The deal, reportedly worth around $5 billion to the ATC, will see a new suburb, school and train station on the existing Rosehill site as part of the Metro West project linking the Sydney CBD to Parramatta.
Reports suggest that training at the venue will move to Horsley Park further west, while money from the deal will be used to give the racing facilities at Warwick Farm, 15km away, a major upgrade.
New South Wales premier Chris Minns described the idea as a ‘once-in-a-generation opportunity’.
“The ATC sees this as a chance to secure the future of racing in NSW,” Minns said.

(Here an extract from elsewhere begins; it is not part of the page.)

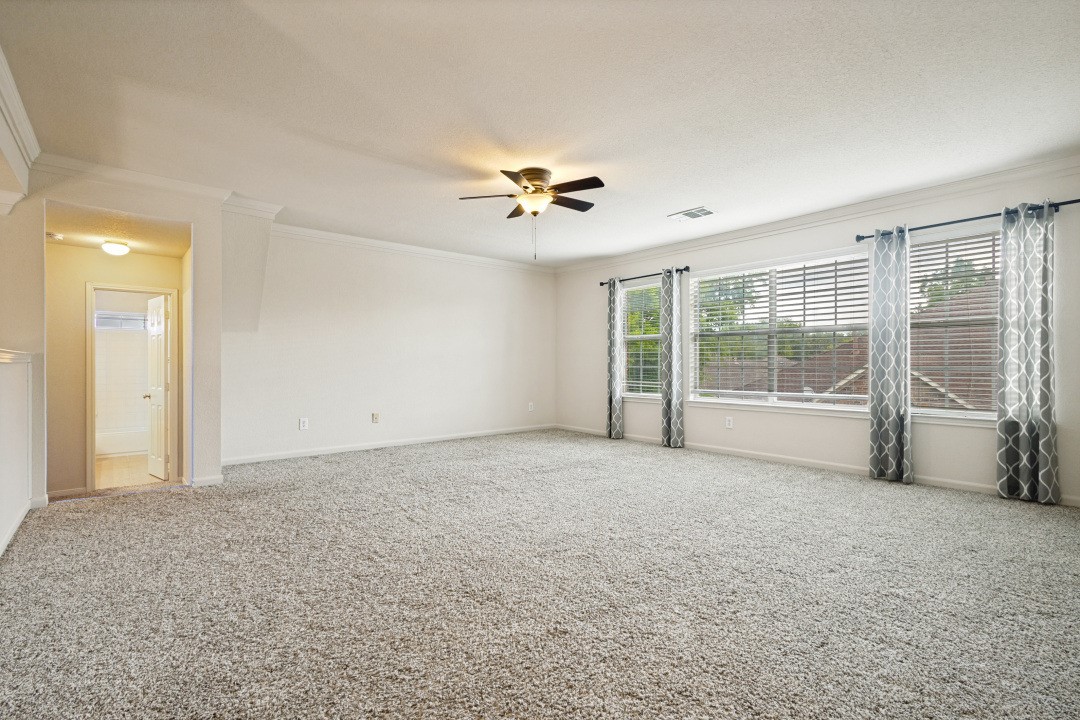 302 Village Trail Trophy Club TX 76262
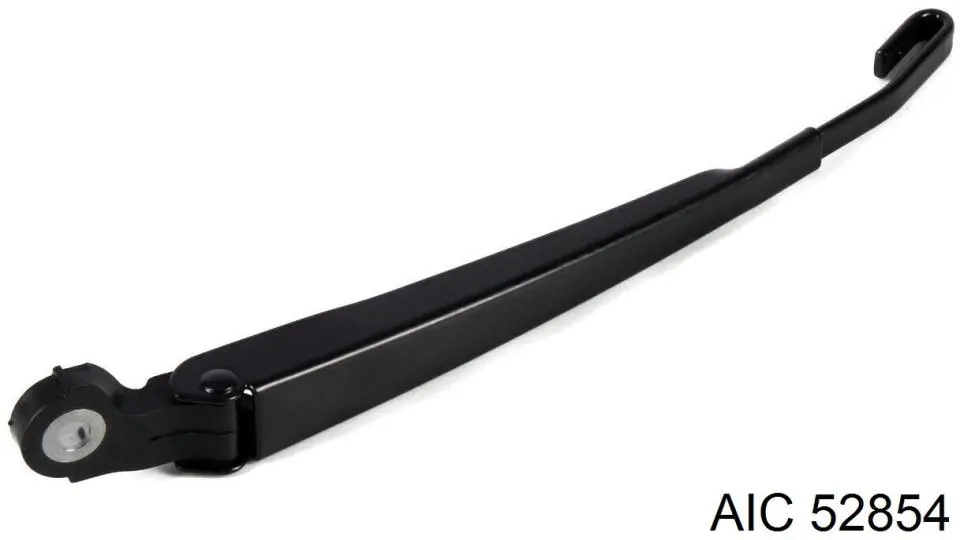 Заглушка гайки крепления поводка заднего дворника AIC 52854 цена, от 2.52 USD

“The government sees this as an opportunity to put its money where its mouth is and build more housing, close to transport links, with plenty of green space for new families.
“This is exactly the type of proposal my government has been talking about over the last six months.”
The decision has blindsided many in the racing industry, who had no idea such a proposal had been put forward.
“The ATC sees this as a chance to secure the future of racing in NSW" - Chris Minns
Discussions between the ATC and the government had begun a few months ago to sell off a part of the Rosehill land parcel to accommodate housing and a train station. However, those discussions quickly evolved to include the government purchasing the entire site for development.
Chris Waller, Australia’s leading trainer of the past decade, has his Sydney base at Rosehill, as do leading trainers Michael, Wayne and John Hawkes, Gerald Ryan and Sterling Alexiou, Richard and Will Freedman and David Payne. Annabel Neasham also maintains a base there as well as at Warwick Farm. In total there is between 300 and 400 horses in training at the track.
Rosehill first hosted racing in 1885 and has become the home of racing in Western Sydney, staging the Golden Slipper, Australia’s greatest two-year-old race, since 1957, as well as hosting Group 1 races such as the George Ryder Stakes, the Ranvet Stakes, the Golden Rose Stakes and The Galaxy.
Since 2019, it has also played host to the second richest race in Australia, the Golden Eagle, which in 2023 was worth $10 million.
The Australian Turf Club took control of Rosehill in 2011 after its merger with the Sydney Turf Club, which had managed the racecourse since 1943. It hosts 25 race meetings a year at the venue.